This week, an unprecedented alliance of six leaders whose nations make up the Coral Triangle will take to the international stage at the World Ocean Conference (WOC) in Manado to demonstrate their resolve to build a future that does not leave their coastal communities vulnerable to the coming dangers of climate change.

Joining forces in the Coral Triangle Initiative (CTI) on Coral Reefs, Fisheries and Food Security, the leaders of Indonesia, Malaysia, the Philippines, Papua New Guinea, Timor Leste and the Solomon Islands will highlight the urgent need to address the poverty afflicting their coastal peoples, and to protect them from further hardships associated with a changing climate.

Nowhere is the need to act on climate change seen more starkly than in the remarkable marine region known as the Coral Triangle.

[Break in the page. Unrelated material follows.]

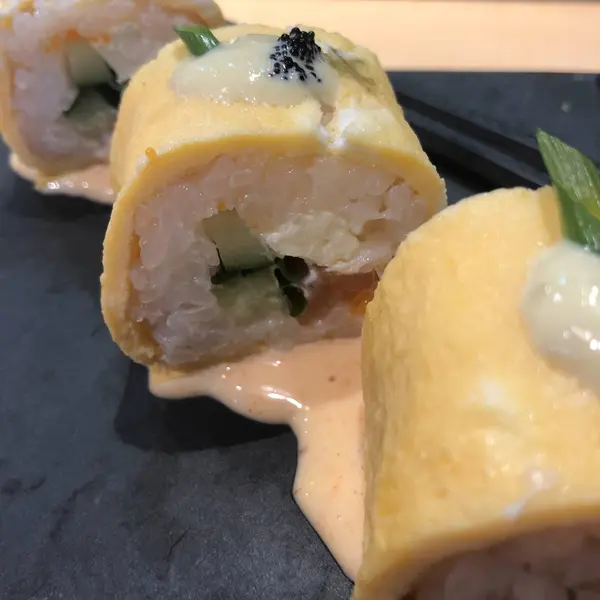 Salmon egg roll on black slate — 스톡 사진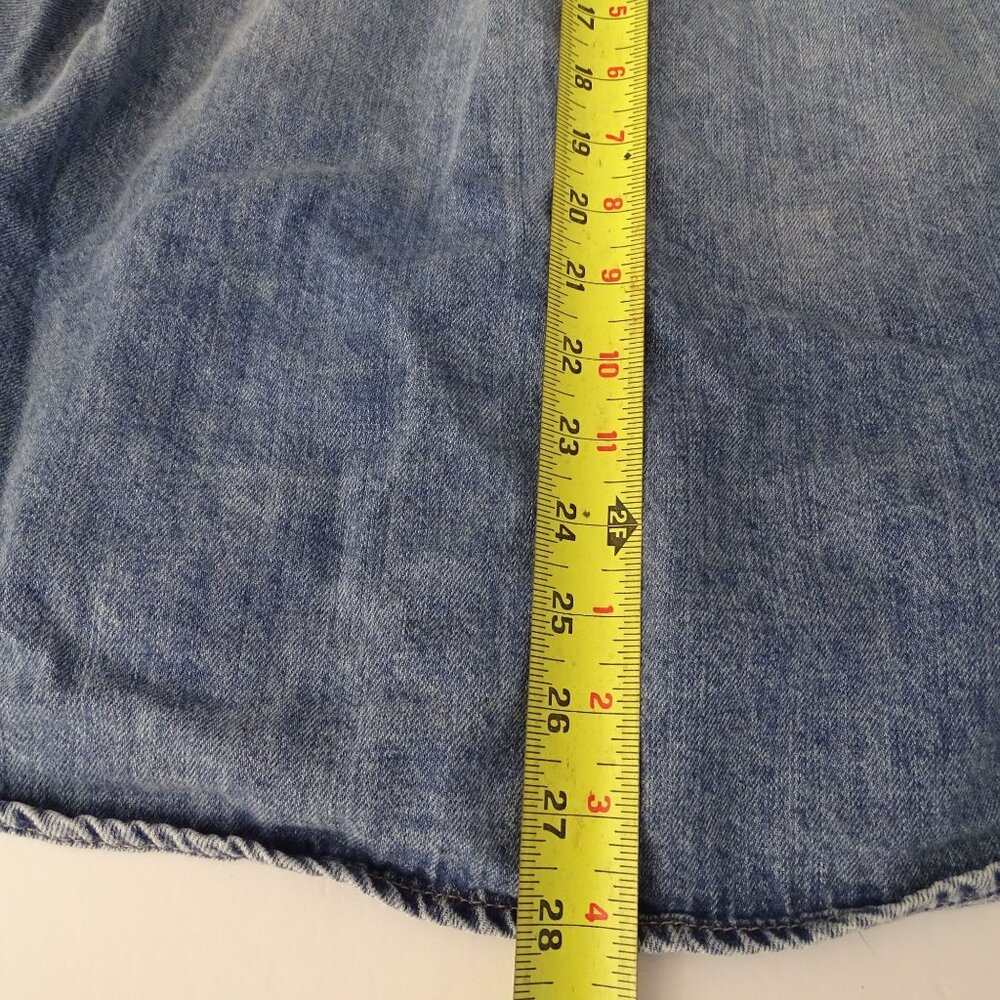 Universal Thread Oversized Denim Shirt Women Size M Long Sleeve Flap Pocket - Picture 11 of 11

This 6-million-square-kilometer area straddling the Indian and Pacific oceans, often compared to the Amazon rainforest or the Congo basin in terms of its importance to life on Earth, covers just 1 percent of the Earth's surface but includes 30 percent of the world's coral reefs, 76 percent of its reef-building coral species and more than 35 percent of its coral reef fish species, as well as vital spawning grounds for other economically important fish such as tuna.

But at stake is much more than the loss of some of the most remarkable seascapes on the planet. There is little doubt that a failure to act on climate change and other threats to coastal ecosystems will be catastrophic for more than 100 million people in the Coral Triangle who depend directly on its marine resources for food and income.

Indonesian President Susilo Bambang Yudhoyono instigated the CTI in mid 2007. Within six months, all Coral Triangle countries had committed to it, which is an indication of the level of concern over the degradation of marine, coastal and small island ecosystems within the Coral Triangle, and of the expected impacts of climate change.

The World Wildlife Fund (WWF) will release a groundbreaking new report to coincide with this meeting in Manado. It paints a picture of two very different worlds.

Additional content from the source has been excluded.